The criminal case for anti-squatting (Crim. Case No. 4659) was filed by
private respondents Malvar against petitioner Bongato. The case is still
pending with the Regional Trial Court, Branch I, Butuan City.
On March 28, 1994, petitioner filed a motion for extension of the March 29,
1994 deadline for the submission of the relocation survey and to move the
deadline to April 15, 1994, as the engineer concerned, Engr. Lumarda,
could not conduct his survey during the Holy Week, he being a lay minister
and parish council member.
On April 7, 1994, respondent Judge noted that no survey report was
submitted and ordered the record of the case returned to the court of
origin for disposal.
CA:
The CA held that the lot referred to in the present controversy was different from
that involved in the anti-squatting case.[6] It further ruled that the Municipal Trial
Court in Cities (MTCC) had jurisdiction, and that it did not err in rejecting
petitioners Motion to Dismiss. The appellate court reasoned that the MTCC had
passed upon the issue of ownership of the property merely to determine
possession -- an action that did not oust the latter of its jurisdiction.
ISSUE:
Whether or not the Court of Appeals gravely abused its discretion in not finding
that the trial court lacked jurisdiction since the Complaint was filed beyond the
one-year period from date of alleged entry;

SC:
It is wise to be reminded that forcible entry is a quieting process, and that the
restrictive time bar is prescribed to complement the summary nature of such
process.[42] Indeed, the one-year period within which to bring an action for
forcible entry is generally counted from the date of actual entry to the land.

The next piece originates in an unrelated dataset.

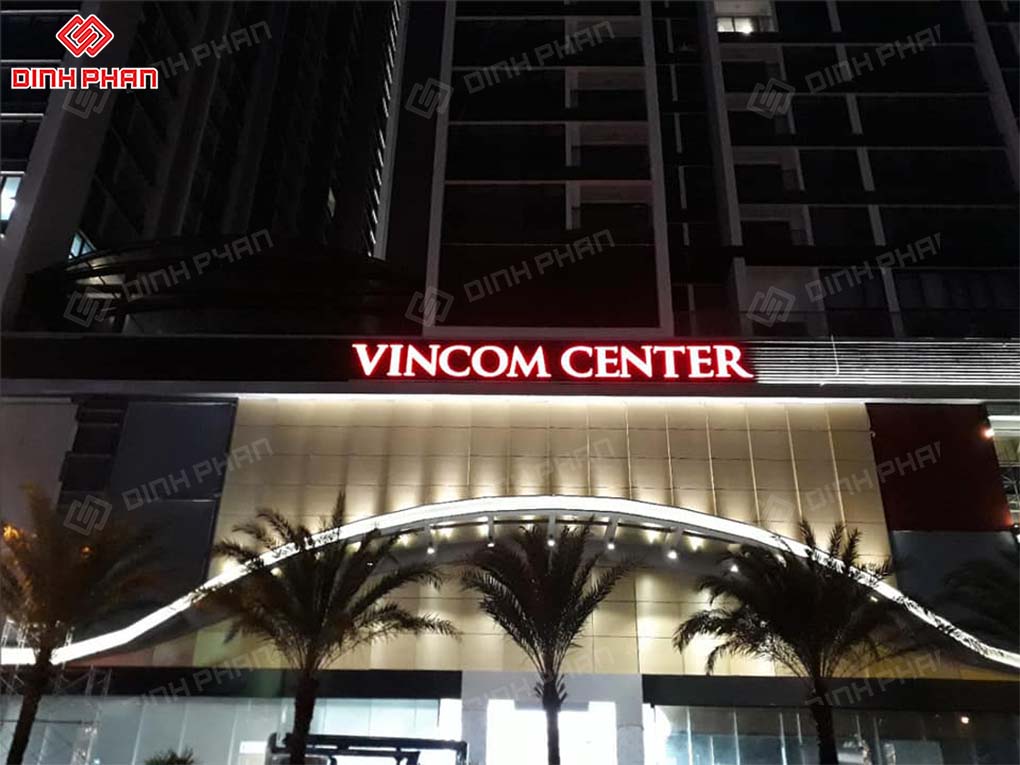 Bộ chữ tòa nhà Vincom Center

However, when entry is made through stealth, then the one-year period is
counted from the time the plaintiff learned about it.[43] After the lapse of the
one-year period, the party dispossessed of a parcel of land may file either an
accion publiciana, which is a plenary action to recover the right of possession; or
an accion reivindicatoria, which is an action to recover ownership as well as
possession.
On the basis of the foregoing facts, it is clear that the cause of action for forcible
entry filed by respondents had already prescribed when they filed the Complaint
for ejectment on July 10, 1992.[45] Hence, even if Severo Malvar may be the
owner of the land, possession thereof cannot be wrested through a summary
action for ejectment of petitioner, who had been occupying it for more than one
(1) year.[46] Respondents should have presented their suit before the RTC in an
accion publiciana or an accion reivindicatoria, not before the MTCC in summary
proceedings for forcible entry.[47] Their cause of action for forcible entry had
prescribed already, and the MTCC had no more jurisdiction to hear and decide it.